Dr. Caiming Xiong stands at the forefront of enterprise artificial intelligence worldwide. A world-class computer scientist and strategic executive, Dr. Xiong is widely celebrated for his unique ability to bridge the gap between abstract, foundational AI research and high-impact, commercial software products. Under his technical stewardship, Salesforce AI Research has evolved from an elite incubation lab into the primary engine powering the intelligence layer of the world’s leading CRM system. By converting bleeding-edge deep learning concepts into production-ready enterprise tools—spanning Large Language Models (LLMs), multimodal systems, and autonomous agentic workflows—Dr. Xiong is actively redefining how global businesses deploy AI to automate complex processes and elevate customer experiences.

8 min read·June 19, 2026

Most recently, Dr. Caiming Xiong co-founded Recursive AI alongside Richard Socher, an elite frontier research laboratory built around a singular, ambitious hypothesis: automating the scientific process of AI research itself. Backed by Google Ventures, Greycroft, Nvidia, and AMD, the company has raised over $650 million. It is moving away from hand-designed optimization by human engineers toward an open-ended architecture that teaches AI to rewrite its own codebase continuously. His applied research at Salesforce laid the groundwork for Agentforce and the xLAM (Large Action Model) framework systems designed for independent reasoning, long-context planning, and workflow execution in complex B2B pipelines.

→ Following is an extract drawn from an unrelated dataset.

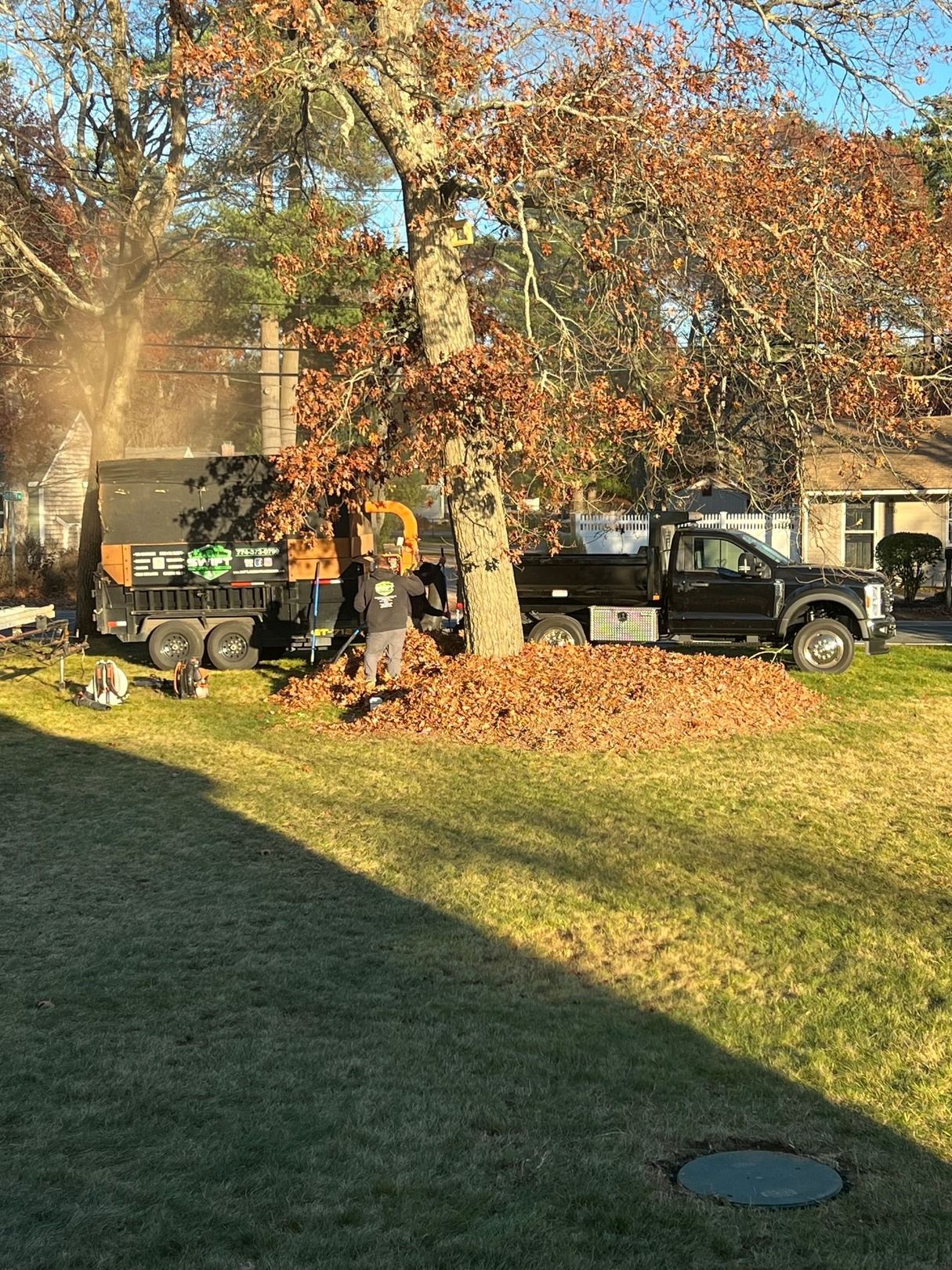 Black pickup trucks under trees in a sunny yard, with smoke or dust near a building.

"The model is not the product. The model trained as an integral part of the harness is the product. That is the design principle the industry needs to internalize, and healthcare will learn it first, because the cost of getting it wrong is not a degraded user experience. It is a missed diagnosis, a denied claim, or a compliance violation."Dr. Caiming Xiong [suggested quote pending Dr. Xiong's approval]

We sat down with Dr. Xiong to talk about why general-purpose language models fall short inside healthcare agent workflows, what it actually means to co-design a model and a harness, and why the organizations that build closed learning loops will be the ones that win in regulated AI.

THE CONVERSATION

Why General-Purpose Models Are Not Enough for Healthcare Agent Workflows

actAVA: Healthcare and life sciences are two of the most regulated, operationally complex domains in enterprise AI. Where do most model deployments go wrong when they enter these environments?

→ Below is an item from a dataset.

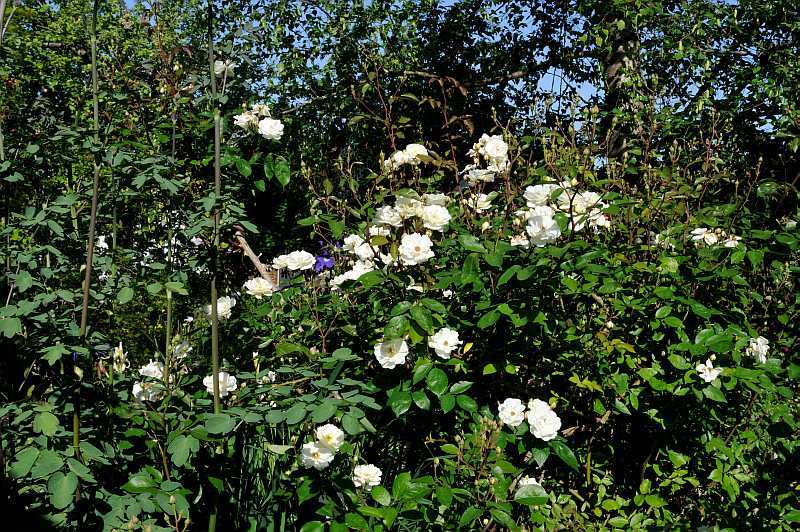 Rose 'Moonlight'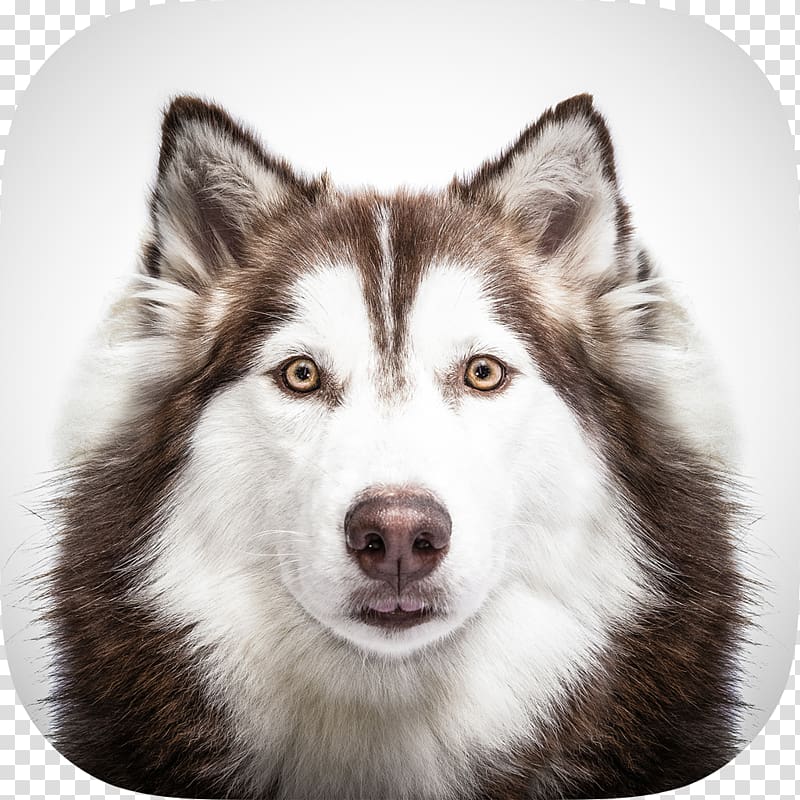 Siberian Husky Alaskan husky Puppy Alaskan Malamute Pomeranian, husky transparent background PNG clipart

The core issue is that professional agents in healthcare and life sciences must handle long, multi-step workflows that require specialized knowledge, policy interpretation, and strict procedural compliance. This is not the same problem as answering a question or summarizing a document. A small mistake misreading a clinical note, missing a policy requirement, applying the wrong prior authorization criteria can block the entire process or create serious regulatory risk. The failure modes are not cosmetic.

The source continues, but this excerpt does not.